19 milyon öğrencimiz ve 1,2 milyon öğretmenimiz bu sorunlarla karşı karşıyayken Milli Eğitim Bakanı Yusuf Tekin, eğitim sistemimizin sorunlarını çözmek bir yana her geçen gün bir yeni sorun daha çıkarmakta ve hiçbir olumsuzlukta sorumluluk alamayarak eğitim için beka sorunu olmaya devem etmektedir. Milli Eğitim Bakanına sorumluluklarını ve çözülmeyi bekleyen sorunları bir kez daha hatırlatıyoruz.
- Türkiye Yüzyılı Maarif Modeli adı verilen, pilot çalışması bile yapılmadan okullarda uygulanmaya başlayan öğretim programını geri çekin.
- ÇEDES protokolü ile pedegojik formasyonu olmayan kişilerin okullara girmesini, çocuklarımıza uygun olmayan etkinlikler yapmasını engelleyin.
- Çocuklarımızın okullarda temiz içme suyuna erişimin sağlayın. Bir öğün ücretsiz okul yemeğini verin. Kantinlerde satılan yiyecekleri ve fiyatlarını kontrol altına alın.
- Asgari ücretin yarısına, yarı zamanlı çalışan temizlik personeli ile okulları temizleyemezsiniz. Çocuklarımızın sağlığı ve güvenliği için kadrolu temizlik personeli ataması yapın.
- Çocuklarımızın ve öğretmenlerimizin okullardaki güvenliğini sağlayın. Her okula bir güvenlik görevli görevlendirin.
- Çocuklarımızın ucuz işgücü olarak kullanıldığı, yaralandığı ve öldüğü MESEM programına son verin.
- Birleştirilmiş okul uygulaması ve ikili eğitim yüzünden çocuklarımız hem ders saatlerinden kayıp yaşıyor, hem de karanlıkta okula gidip gelmek zorunda kalıyor. İkili eğitimi sonlandırın, tüm okullarda tam gün eğitime geçilmesini sağlayın.
- Kapatılan köy okulları yüzünden taşımalı eğitime mahkum edilen çocuklarımız, taşımalı eğitim kapsamının daraltıldığı yönetmelik değişikliğiyle bir kez daha mağdur edildi, yurtlarda kalmaya mecbur bırakıldı. Her çocuğun okula güvenle ulaşmasını sağlayın, köy okullarını açın.
- En az bir yıl okul öncesi eğitim her çocuk için zorunlu ve ücretsiz olmalıdır.
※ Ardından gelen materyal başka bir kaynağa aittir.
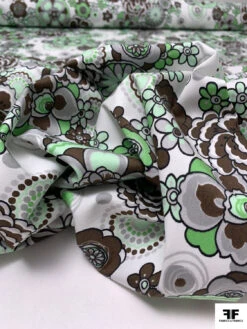 Jovial Floral Printed Stretch Fine Cotton Twill-Sateen - Greens / Brown / Grey / White -Fabrics And Fabrics Store 19280 9 6263a237 af7d 41a6 853c 0cedc605e3e6
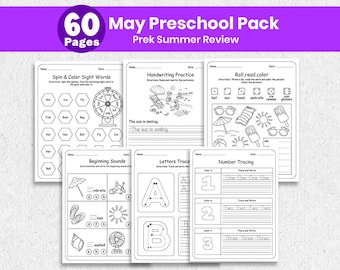 PreK Summer Review Worksheets 60 Page | Math & Literacy Activities for May Preschool | Teacher Resource | Instant Download PDF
Okul öncesi eğitimde katkı payı uygulamasını kaldırın.
- Devlet okullarında yaşanan sorunlar yüzünden özel okullara mecbur bırakılan velilere dayatılan fahiş ücretleri denetleyin, kontrol altın alın.
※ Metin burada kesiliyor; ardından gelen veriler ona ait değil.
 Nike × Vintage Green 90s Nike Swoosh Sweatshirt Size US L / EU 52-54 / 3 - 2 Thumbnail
- Özel okullarda emeği sömürülen, asgari ücretle çalıştırılan öğretmenlerimiz için taban maaş düzenlemesi yapın.
- Engelli Öğretmenlere, rehber öğretmenlere, KPSS mağduru öğretmenlere, mülakat mağduru öğretmenlere, depremzede öğretmenlere verdiğiniz sözleri yerine getirin. Gerçek ihtiyaç kadar öğretmen ataması yapın.
- Diplomasını almış öğretmenler yeniden aday statüsüne düşürülemez. Milli Eğitim Akademisi adı verilen öğretmenlerin diplomasını çalma projesinden derhal vazgeçin.
2024-2025Eğitim Öğretim Yılının ikinci dönemine başlarken çözülmeyi bekleyen bu ve benzeri çok sayıda sorun var ancak sorumluluk alan ve çözüm üreten yok. Cumhuriyet Halk Partisi olarak tüm çocuklarımızın laik, bilimsel, kamusal, parasız ve eşit eğitim hakkı için, hem görevde olan hem atamayı bekleyen öğretmenlerimizin hakları için, çocuklarının nitelikli eğitim alabilmesi için maddi ve manevi olarak yıpranan velilerimiz için çalışmaya ve mücadele etmeye, tüm bu sorunları gündeme getirmeye, Bakanlığa görev ve sorumluluklarını hatırlatmaya devam edeceğiz.
Tüm öğrencilerimize ve öğretmenlerimize başarılı ve mutlu bir dönem dileriz.